The input -
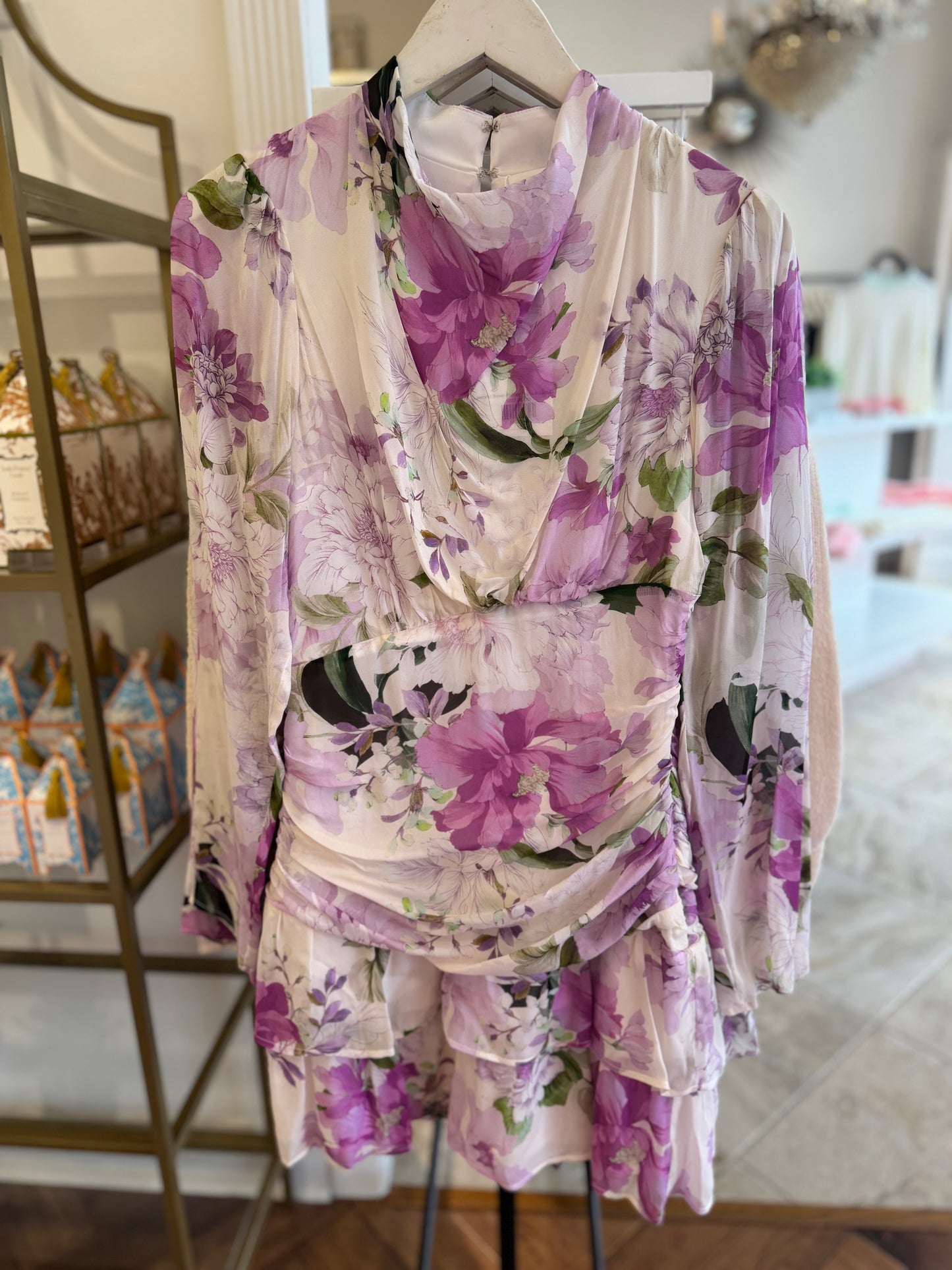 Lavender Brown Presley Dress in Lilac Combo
...
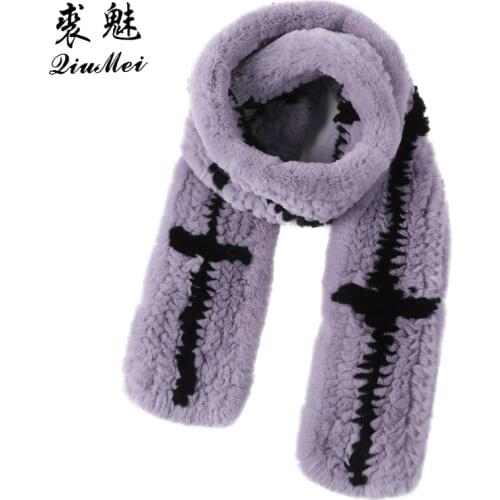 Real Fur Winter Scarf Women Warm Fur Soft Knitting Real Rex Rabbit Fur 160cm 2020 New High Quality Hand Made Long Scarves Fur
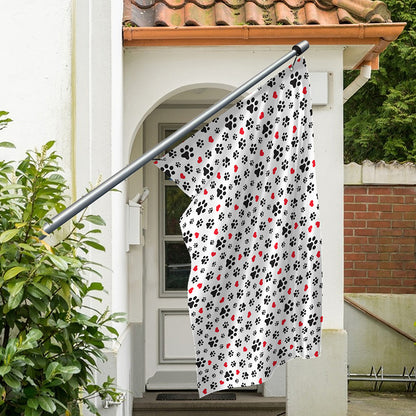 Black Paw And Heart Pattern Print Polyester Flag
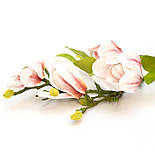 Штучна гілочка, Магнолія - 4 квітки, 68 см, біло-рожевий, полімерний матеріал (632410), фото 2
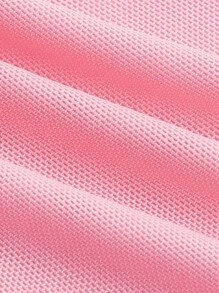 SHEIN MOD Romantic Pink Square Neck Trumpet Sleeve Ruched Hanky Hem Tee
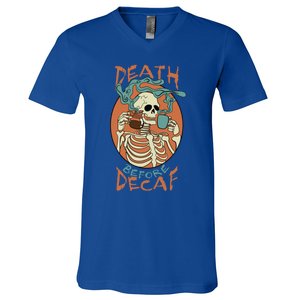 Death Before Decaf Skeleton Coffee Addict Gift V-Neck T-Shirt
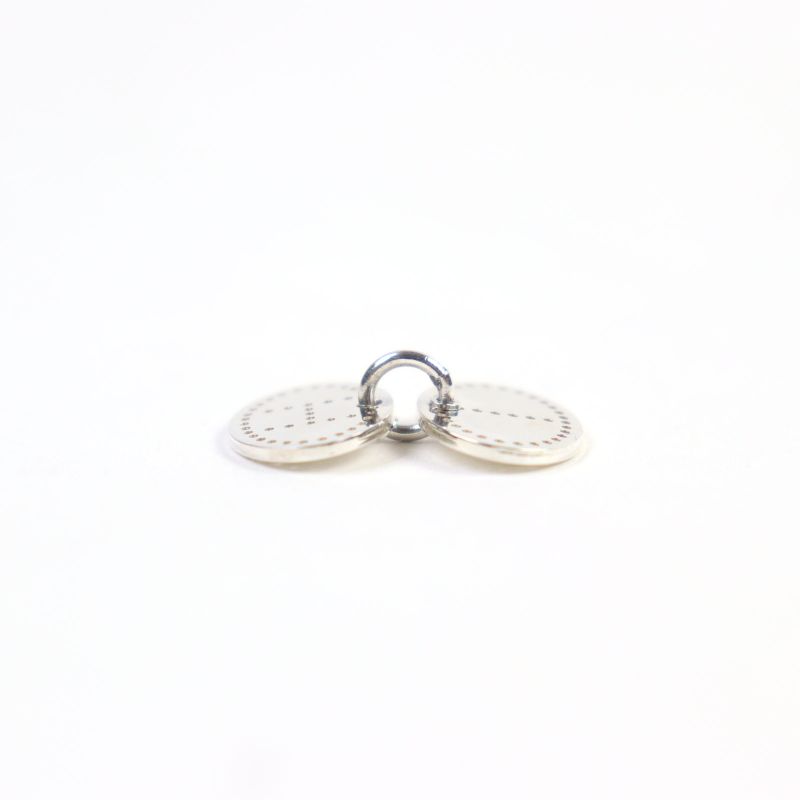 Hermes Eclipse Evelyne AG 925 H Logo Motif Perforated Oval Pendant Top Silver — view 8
* * *
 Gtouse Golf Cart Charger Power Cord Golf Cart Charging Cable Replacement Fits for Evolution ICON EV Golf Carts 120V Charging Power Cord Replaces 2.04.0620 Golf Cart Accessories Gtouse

What this task involves - In the data above, the stretch from the line with "Black Paw And" through the line with "Hermes Eclipse Evelyne" is to be returned exactly, minus any pictures.

Solution for this problem -
 Black Paw And Heart Pattern Print Polyester Flag
 Штучна гілочка, Магнолія - 4 квітки, 68 см, біло-рожевий, полімерний матеріал (632410), фото 2
 SHEIN MOD Romantic Pink Square Neck Trumpet Sleeve Ruched Hanky Hem Tee
 Death Before Decaf Skeleton Coffee Addict Gift V-Neck T-Shirt
 Hermes Eclipse Evelyne AG 925 H Logo Motif Perforated Oval Pendant Top Silver — view 8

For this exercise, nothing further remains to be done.